Just about every site on worm composting tells you to compost your teabags – ditto if you just have a normal compost heap. Despite a lot of Googling I have not yet found anyone else who has spotted the following aspect.
After a few years of composting my kitchen waste in my wormery, I spotted that there was a layer of “net” forming in the worm compost and it proved to be “skeletons” of tea bags. I phoned up a couple of tea bag makers and discovered that, although mostly paper fibres, the manufacturers include a small percentage of polyester fibres in the bag material. This is to enable the bag to be heat sealed when they press the two halves together.
Although the worms do a good job of eating the tea leaves and the paper part of the bag , they obviously leave the polyester alone and it builds up to form an indigestible, non-compostable layer. The same thing happens in a conventional compost heap but the scrap of polyester is almost unnoticeable. Most people who want to make organic compost would not like this plastic residue in it so the solution is to rip your tea bags and pour the contents into your worm caddy or big compost heap and (sadly) put the actual bag into the rubbish. It’s easiest to do this when they have cooled down or dried out (if you have the patience).
I think readers should spread this news or we are going to have veggie patches full of increasing amounts of polyester!
I recently discovered that most facial tissues these days have temporary “wet strength” additives.
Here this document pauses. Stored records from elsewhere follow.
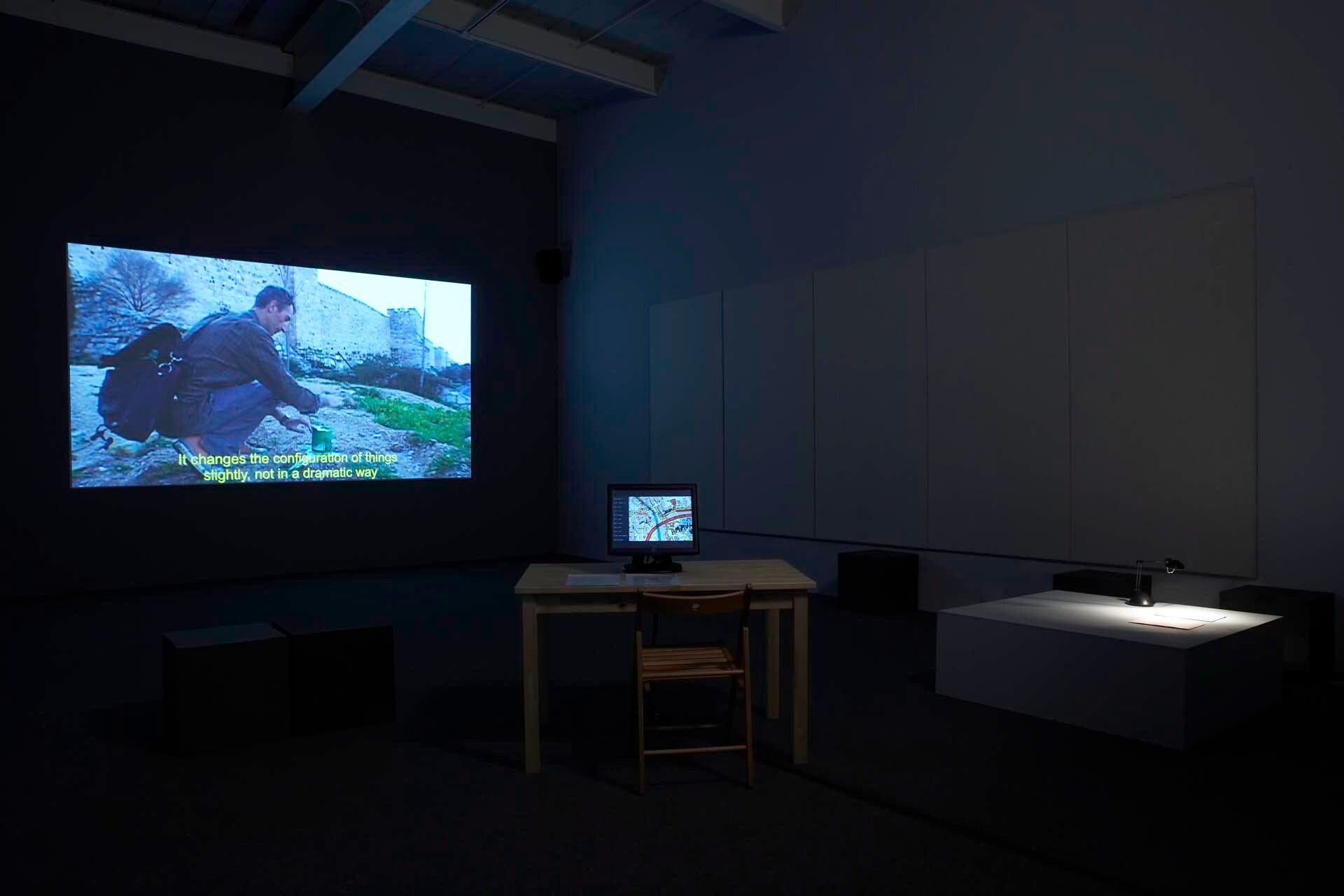 Installation view of the exhibition Francis Alÿs: SOMETIMES DOING SOMETHING POETIC CAN BECOME POLITICAL AND SOMETIMES DOING SOMETHING POLITICAL CAN BECOME POETIC, at David Zwirner in New York, dated 2007. 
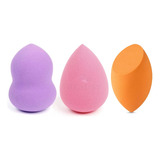 Kit 3 Esponjas De Maquiagem Para Rosto Base, Corretivo E Pó Cor Cores Sortidas
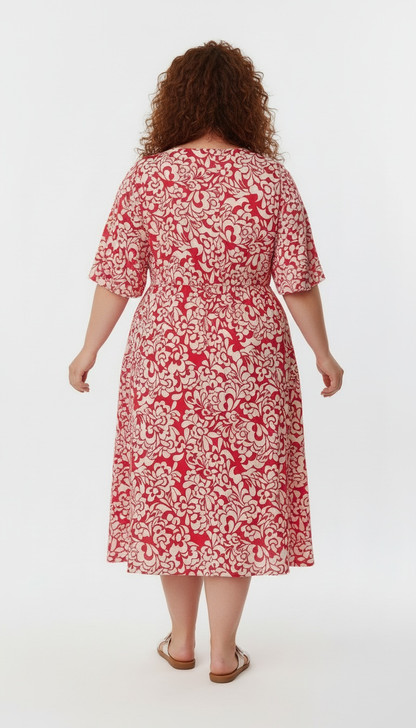 Plus Size Pink  Floral Tie Waist Dress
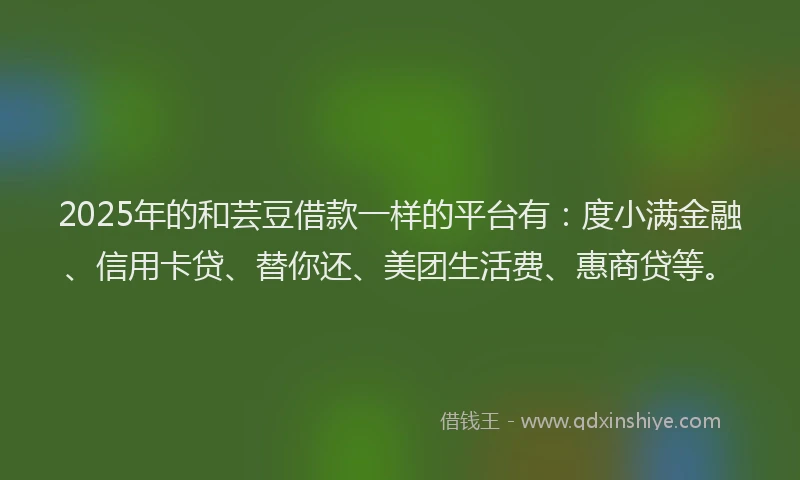 2025年的和芸豆借款一样的平台有：度小满金融、信用卡贷、替你还、美团生活费、惠商贷等。
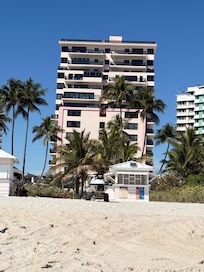 View of hotel from the beach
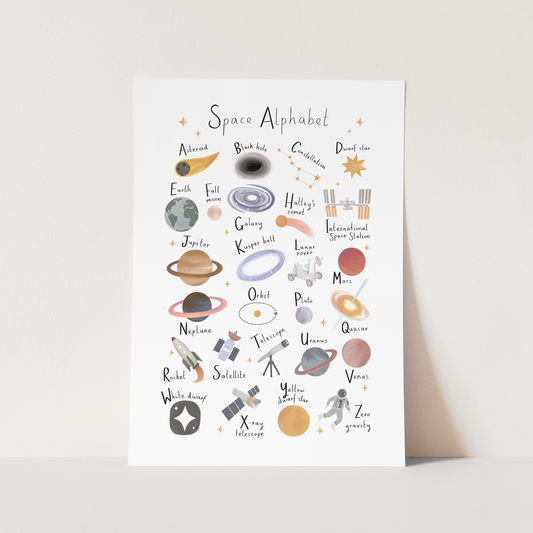 Space Alphabet Art Print by Kid of the Village (6 Sizes Available)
I have a done a little research on this and the additive appears to be a polymer resin that does break down after it has done its job. So far, I can’t find out definitively if the break-down products of the polymer are helpful, bad or indifferent to making good compost so I’ll carry on researching until I find out (when I get some time). I’ll report back here then. I note that “Bounty” kitchen roll (recently renamed Plenty) is now supposed to stay strong so I suspect they have used a permanent wet strength additive that will not break down.